Papers and Talks
Editor's Note

The Summer School of Linguistics, 1970, was held in Mysore City under the joint auspices of the Linguistics Society of India, University of Mysore and Central Institute of Indian Languages, with generous financial assistance from the University Grants Commission.

During the School, a two-day seminar was organized and the registrabts, the faculty members and members of the staff of CIIL were invited to present their papers. Most of the papers in this volume were thus presented in this seminar. The emphasis was on India as a Linguistics area with the aim of identifying Regional Universals of Indian languages which include four important language families of the world. Most of these papers on Regional Universals concentrated on a single category of grammar, namely 'Negation', and tried to describe it in terms of its form, function and process as found in several Indian languages. The paper on Sindhi Negation by Dr. Khubchandani which was not presented in the seminar is also included here because of its relevance to the subject matter under investigation. A few other papers had language families as scope for their study. It was hoped that a beginning like this would encourage Indian linguists to study systematically the Regional Universals of Indian languages. The theoretical model of description to be followed was left to the choice of participating scholars and thus this has resulted in the application of several currently available models to the aspects of Negation in Indian languages.

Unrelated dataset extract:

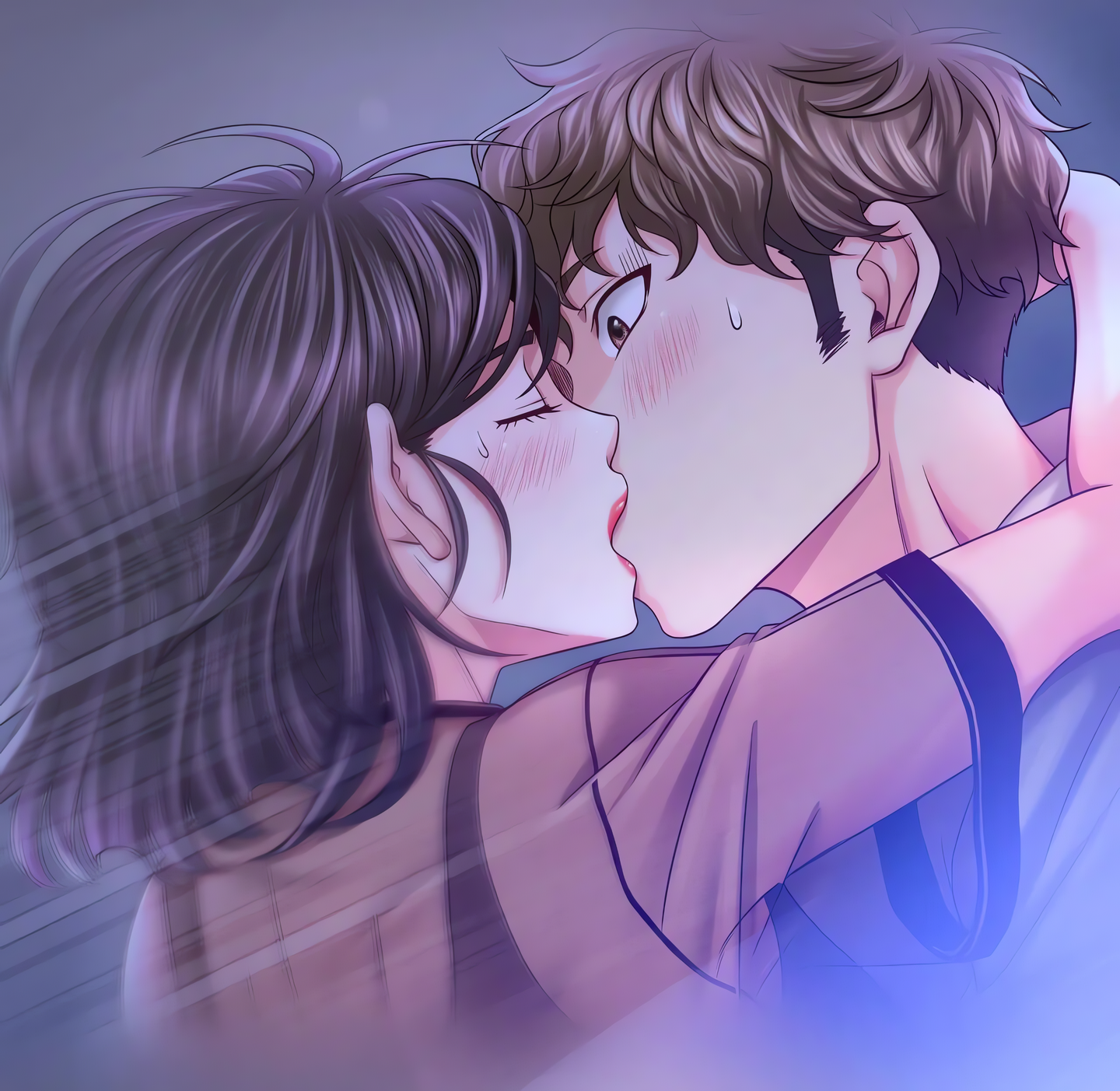 Drunk on You (Official Uncensored) Page 130 - MangaHe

The basic theoretic and methodological issues involved in the investigation of language universals are manifold. A systematic treatment of these issues is available in Universals of Language edited by J. H. Greenberg. This volume is based more or less on the dictum of Bloomfield in his classic Language that 'the only useful generalizations about language are inductive generalizations'. A different approach is available in Chomsky's Aspects of the Theory of Syntax (and repeated elsewhere) which proposes to divide linguistic universals into two categories namely formal universals that determine the structure of grammars and the form and organization of rules, and substantive universals that define the sets of elements that may figure in particular grammars. Though these approaches were noted in the discussion which ensured after the presentation of papers on Negation, the papers presented in the seminar aimed mostly at providing data which could be profitably used at a later stage for arriving at generalizations about universals of Indian languages on a regional basis.

The second set of papers were presented in the seminar by the registrants. These ranged from the study of historical inscriptions to dialectal studies and reflected in a general way the areas of interests of the registrants.

A notable features of the School was the series of lectures delivered by several visiting scholars. These scholars were requested to send a formal version of their request are also included in this volume.

We are grateful to the University Grants Commission for their generous financial assistance to the Summer School, which originally did not envisage he publication of a volume like this. Subsequently the UGC extended financial assistance for the publication of this volume and we are grateful to the UGC for this kind gesture.